Exultant militarism rang out from every line of these utterances. The world listened to this young man boasting about being a war lord, with feelings nicely graded upon a scale of distances. Those near by put hands on sword hilts; those further away laughed contemptuously; but all alike, far and near, felt that an evil day for Germany had dawned.
The funeral of old William at Berlin in March had been a spectacle memorable in the history of mankind—the climacteric demonstration of the pomp and circumstance of European monarchical systems. A simple military funeral, a trifle more ornate than that of a General of division, was given to his successor. The day, June 18th, was the anniversary of Waterloo.
It may have been due to thoughts upon what this day meant in Prussian history; more probably it reflected the chastened and softening influences of these three days’ meditation in the palace of death; from whatever cause, William’s address to the Prussian people, issued on the 18th, was a much more satisfactory performance. The tone of the drill sergeant was entirely lacking, and the words about his father, the departed Frederic, were full of filial sweetness. The closing paragraph fairly mirrors the whole proclamation:
“I have vowed to God that, after the example of my fathers, I will be a just and clement Prince to my people, that I will foster piety and the fear of God, and that I will protect the peace, promote the welfare of the country, be a helper of the poor and distressed, and a true guardian of the right.” Pondering upon the marked difference between this address and the excited and vain-glorious harangue to the fighting men of Germany which heralded William’s accession, it occurred to me to inquire whether or not Dr. Hinzpeter had in the interim made his appearance at Potsdam. No one could remember, but the point may be worth the attention of the future historian.
Studying all that has since happened in the variant lights of these proclamations of June 15th and June 18th, one sees a constant struggle between two Williams—between the gentle, dreamy-eyed, soft-faced boy of Cassel, and the vain, arrogant youth who learned to clank a sword at his heels and twist a baby moustache in Bonn. Such conflicts and clashings between two hostile inner selves have a part in the personal history of each of us. Only we are not out under the searching glare of illumination which beats upon a prince, and the records and results of these internal warrings are of interest to ourselves alone.
William, moreover, has one of those nervous, delicately-poised, highly-sensitized temperaments which responds readily and without reserve to the emotion of the moment. Increasing years seem to be strengthening his judgment, but they do not advance him out of the impressionable age. In the romantic idealism and mysticism of his mind, and in the histrionic bent of his impulses, he is a true son of his father, a genuine heir of the strange fantastic Ascanien strain, which meant greatness in Catharine II, madness in her son Paul, and whimsical staginess in his grand-daughter Augusta.
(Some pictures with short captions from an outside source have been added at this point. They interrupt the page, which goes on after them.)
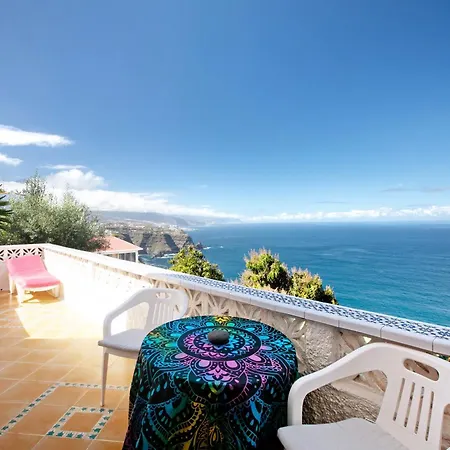 Apartman A Paradise For Your Soul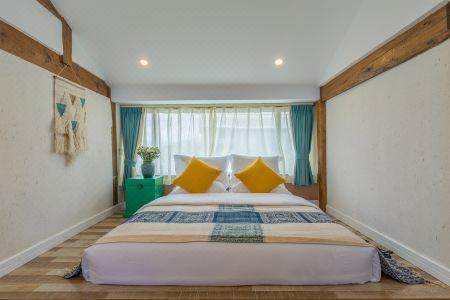 GUANXIN · Half a Mile | Monet Garden Inn Monet Garden - 90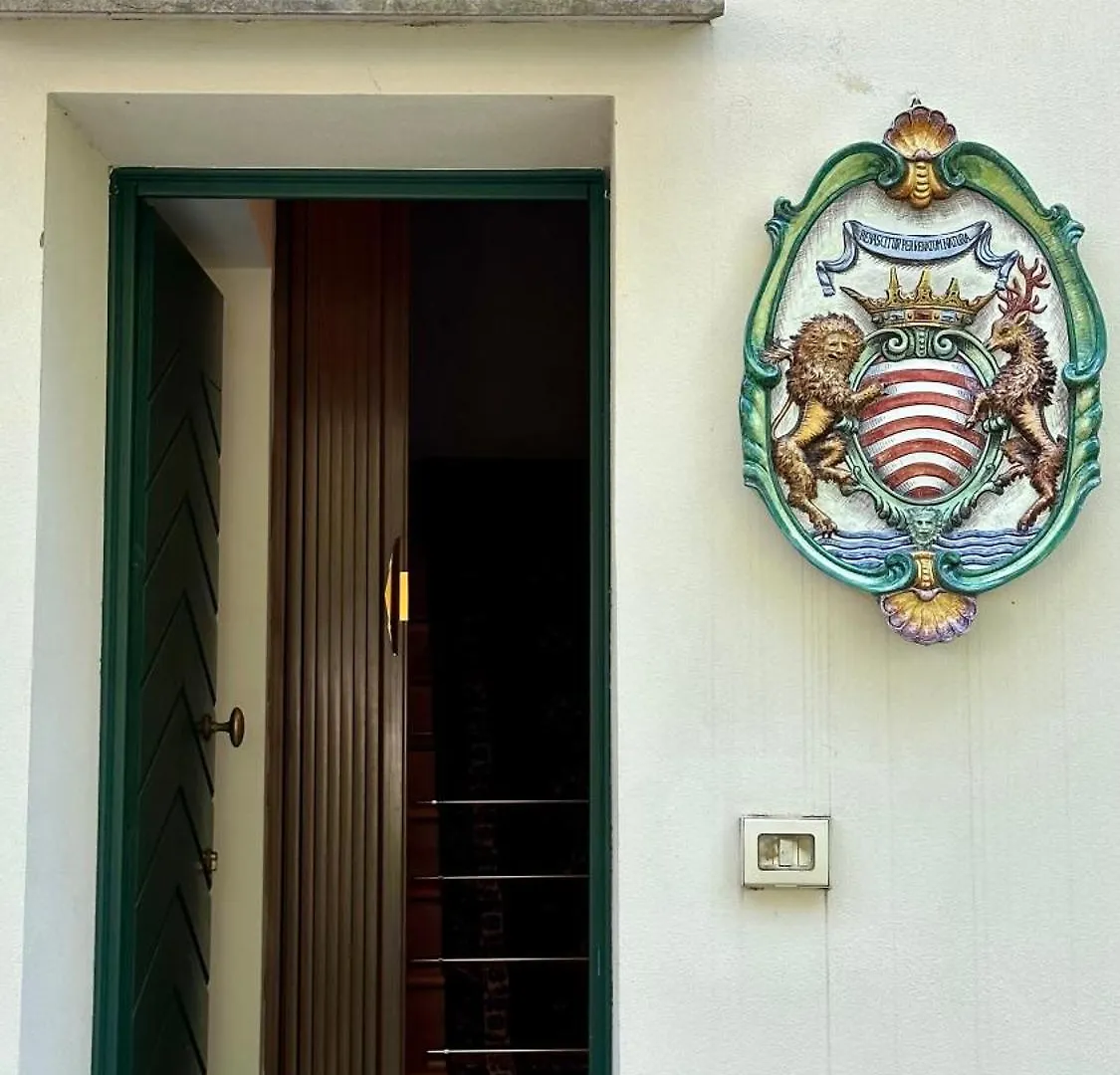 Aparthotel Ca' Hemingway à Bassano del Grappa 0*,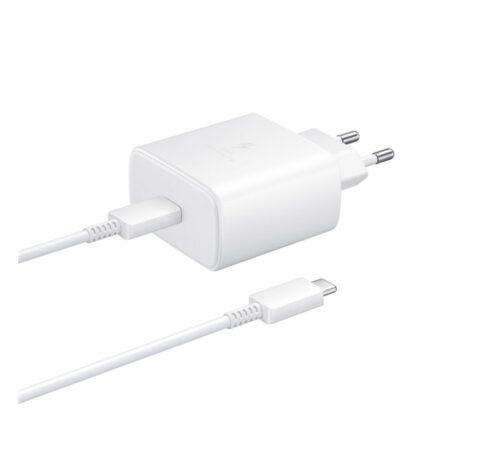 SAMSUNG hálózati töltő Type-C aljzat (9V / 3000mA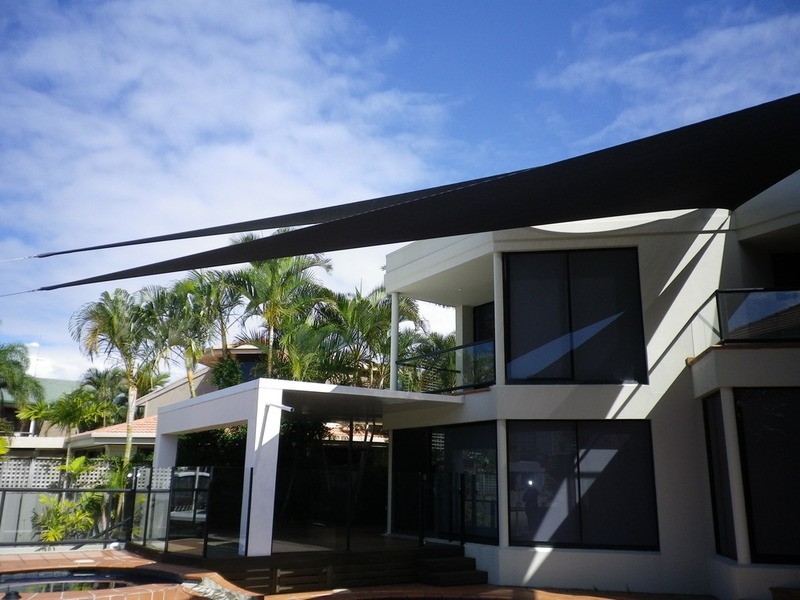 Paradise Waters QLD 4217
Like his father, too, his nature is peculiarly susceptible to the domination of a stronger and more deeply rooted personality. The wide difference between them arises from this very similitude. Frederic spent all his adult life under the influence of the broad-minded, cultured, and high-thinking English Princess, his wife. William, during these years now under notice, was in the grip of the Bismarcks.
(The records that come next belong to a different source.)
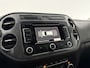 Volkswagen Tiguan 1.4 TSI Sport&Style | Clima | Cruise | Navi | Parkeersens. | Leder | Stoelverwarming
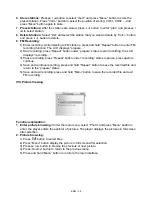 Preview for 34 page of Gogen MXB 990 FM JAZZBOO User Manual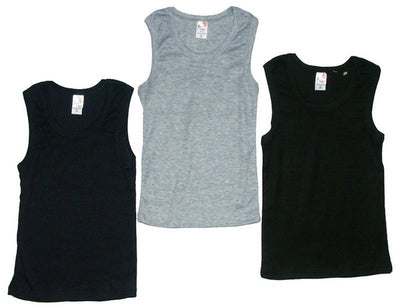 B1-4420-3 COLORS-SIZE 4-6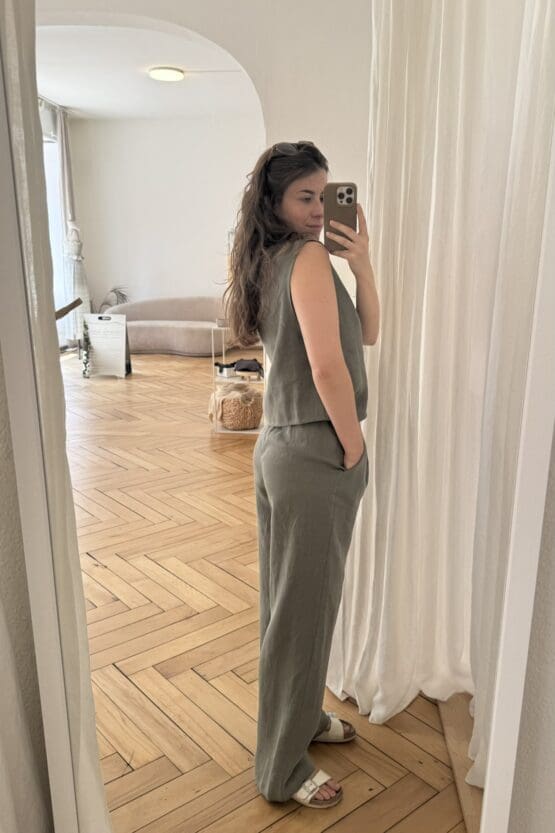 Aida Vest - Image 15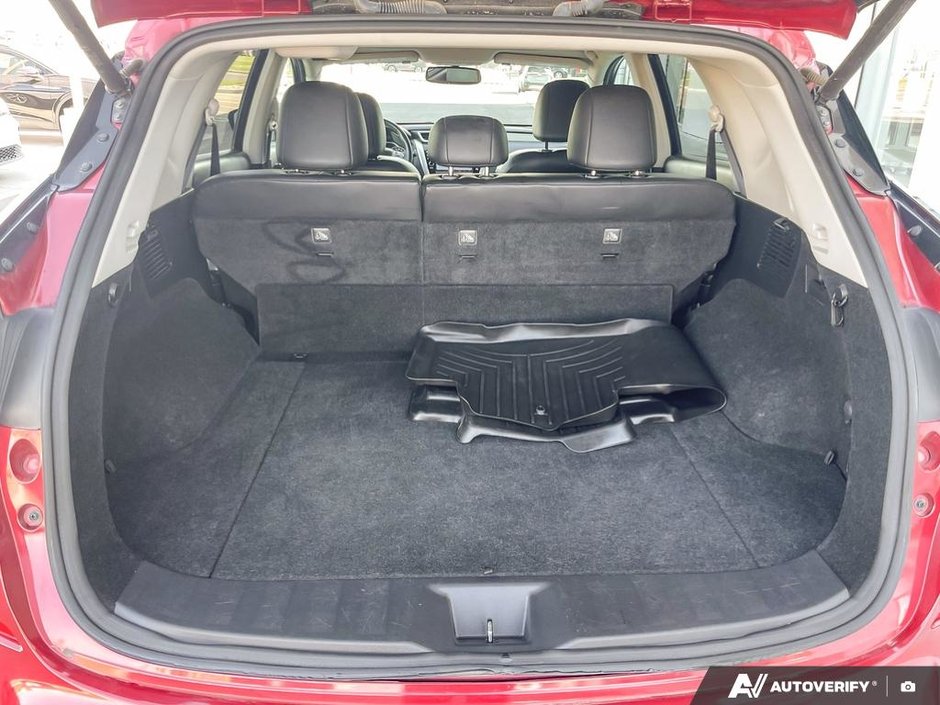 2017 Nissan Murano Platinum-11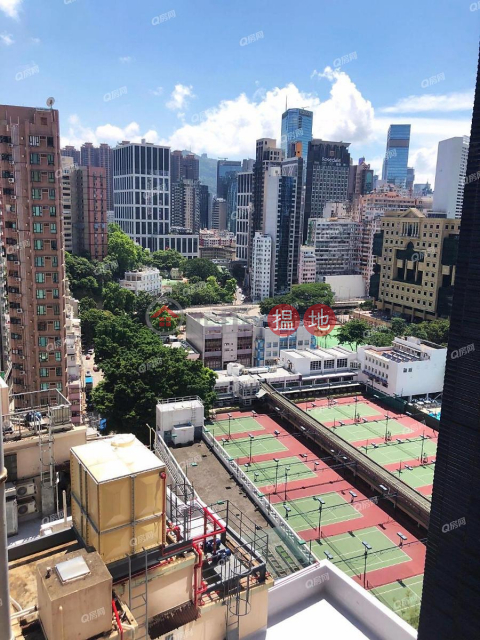 交通方便，實用靚則《金樂居租盤》 | 金樂居 The Jolly Court _0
The ascendency of this family, which attained its zenith in these first months of the young Kaiser’s reign, is a unique thing in the history of Prussia. The Hohenzollerns have been hereditarily a stiff-backed race, much addicted to personal government, and not at all given to leaning on other people. From 1660 to 1860 you will search their records in vain for the name of a minister who was allowed to usurp functions not strictly his own. The first Frederic William was a good deal pulled about and managed by inferiors, it is true, but they did it only by making themselves seem more his inferiors than any others about him. No Wolsey or Richelieu or Metternich could thrive in the keen air of the Mark of Brandenburg, under the old kingly traditions of Prussia.
Bismarck rose upon the ruins of those traditions. In 1862 the Prussian Diet and Prussian society generally were in open revolt against the new king, William I. Constitutionalism and the spread of modern ideas had made the old absolutist system of the Hohenzollerns impossible; budgets were thrown out, constituencies were abetted in their mutiny by the nobles, and the newspaper press was fiercely hostile. The King, a frank, kindly, slow-minded old soldier, did not know what to do. The thought of surrendering his historic prerogatives under pressure, and the resource of sweeping Berlin’s streets with grape-shot, were equally hateful to him. In his perplexity he summoned his Ambassador at Paris to Berlin, and begged him to undertake the defence of the monarchy against its enemies. He made this statesman, Otto von Bismarck, Minister of the King’s House and of Foreign Affairs, and avowedly a Premier who had undertaken to rule Prussia without a Parliament.
It was the old story of the Saxons, being invited to defend the British homestead, and remaining to enjoy it themselves.